WORK ORDER - Find the line that contains "new 2026 Volkswagen"; please output it and each line after it, exactly as shown, up to the end of the entries below, skipping pictures.

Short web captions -
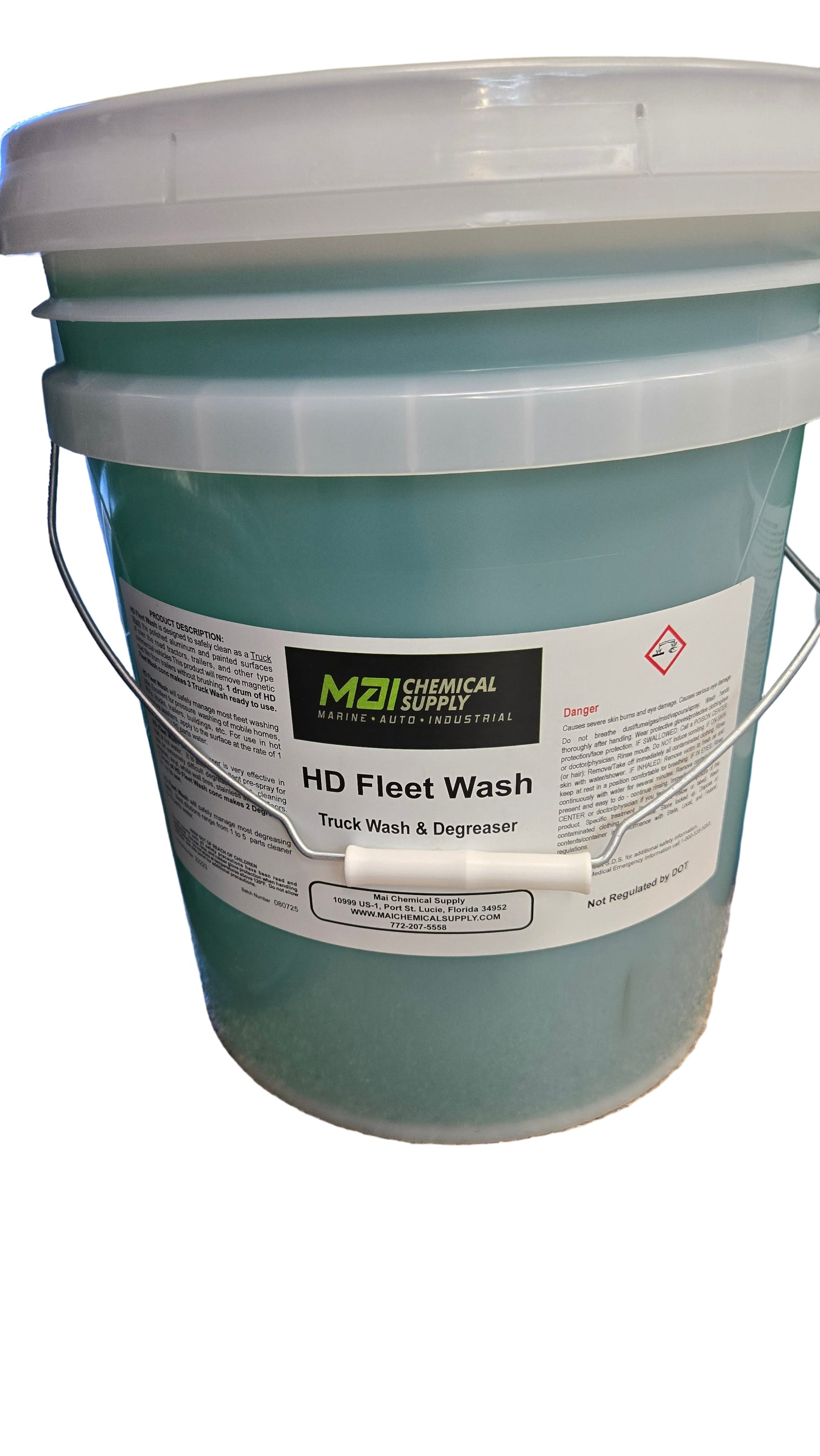 HD FLEET 5 Gal
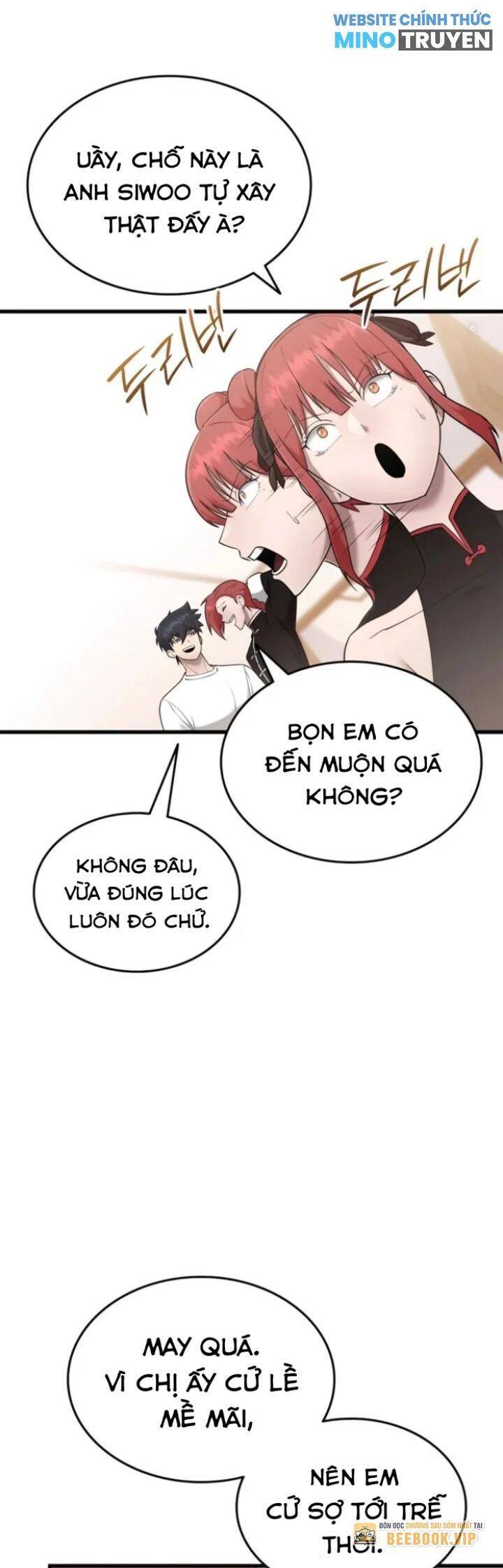 Tôi Đã Đăng Ký Các Kênh Siêu Việt: Chapter 43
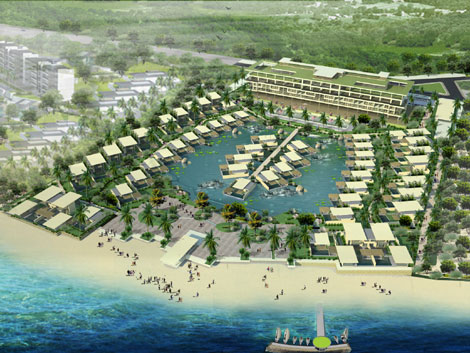 Hình ảnh 3 về Cantavil Long Hải Resort
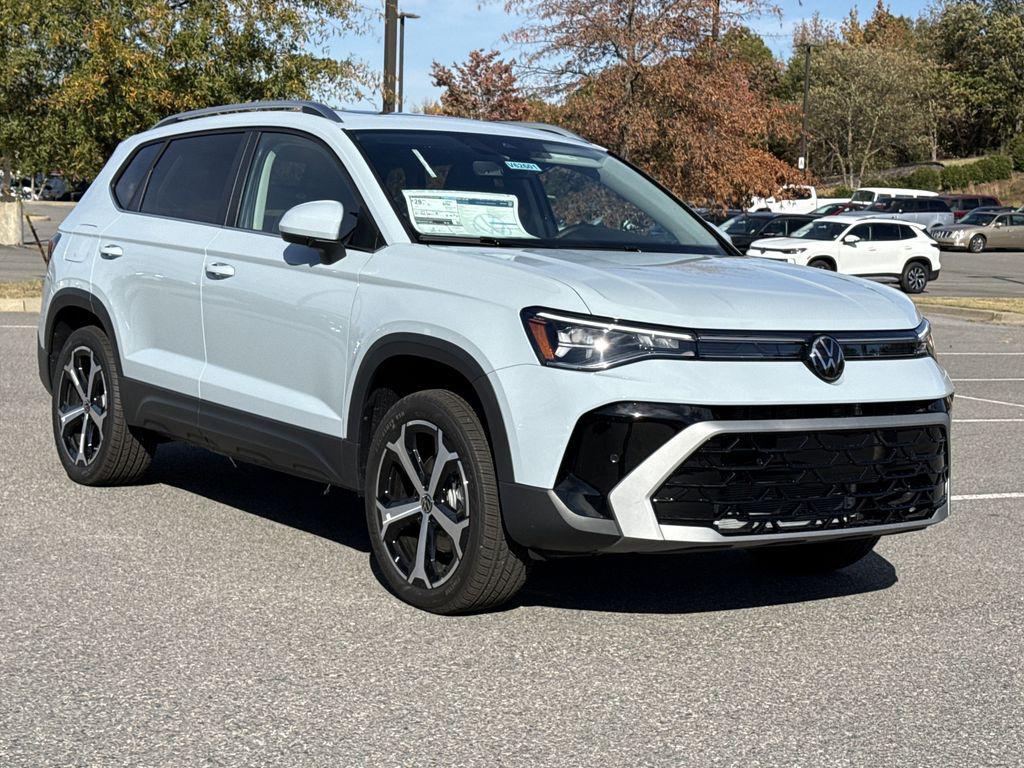 new 2026 Volkswagen Taos car, priced at $38,836
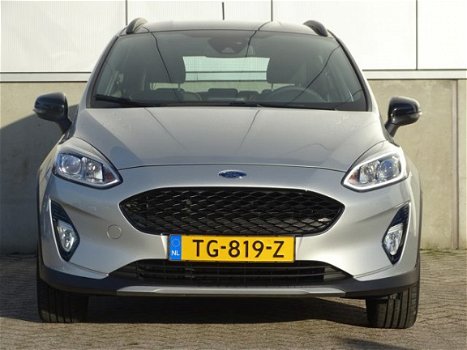 Ford Fiesta - 1.0 EcoBoost Active | Navigatie | Climate Control | Cruise Control - 1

TASK RESULT -
 new 2026 Volkswagen Taos car, priced at $38,836
 Ford Fiesta - 1.0 EcoBoost Active | Navigatie | Climate Control | Cruise Control - 1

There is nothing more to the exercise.